Working on a commission: know your value
When you've got a sense of how long it takes you to complete an image, use this to calculate your minimum charge for a project of a given length. "Build your pricing around the expectation that you deserve a living wage for what you do," says Mills. Take into account that you should be earning enough to build up some emergency funds, and remember to push your prices up in line with inflation.
"I always make sure I understand exactly what the client is looking for before I set a price," she says. "Rates depend on the specifics of the job, typically number of characters, cropping (whether it's a full or half body), the outfit or armour, any accessories, and environment. I repeat these exact five things to almost every prospective client I speak to so they know what information to provide."
Should your quote go beyond a client's budget, Mills suggests offering a lower price for a simpler artwork that is quicker to create; it might have fewer characters, closer cropping, a less detailed environment, and so on.

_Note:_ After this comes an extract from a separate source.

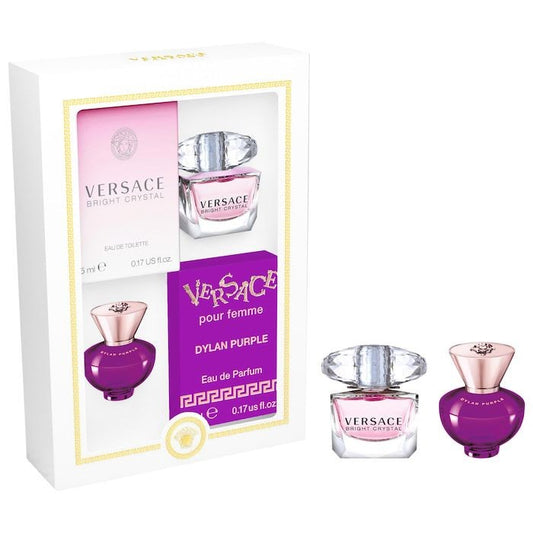 Versace Mini Dylan Purple & Bright Crystal Perfume Set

If she's working without a contract, Mills takes 50% of the payment before she starts work. To ensure that communication is effective, she prefers to conduct it via email so that it's easy to keep track of the conversation. "I always want clients to feel comfortable asking questions and giving feedback, so I try to use language that specifically solicits these," she says.
"If I suspect a suggestion they make is untenable, I may give them a heads up, but I actually prefer to go ahead and implement the feedback just to see what happens. I have a lot of faith in my ability to visualise, but practically every time a client suggests something I'm unsure of, I'm pleasantly surprised by the result."
A freelance character illustrator, Indiana Acosta has found that using an onboarding document to introduce clients to her process is an efficient way to make sure communication is thorough and effective. "It has saved a lot of time for me and my clients," she says.
Acosta's workflow document is an eight-page PDF she sends clients to set a clear framework for the project. Her first page details what information she requires, such as reference images and mood boards, and gives a visual example of the kinds of sketches they might like to send her.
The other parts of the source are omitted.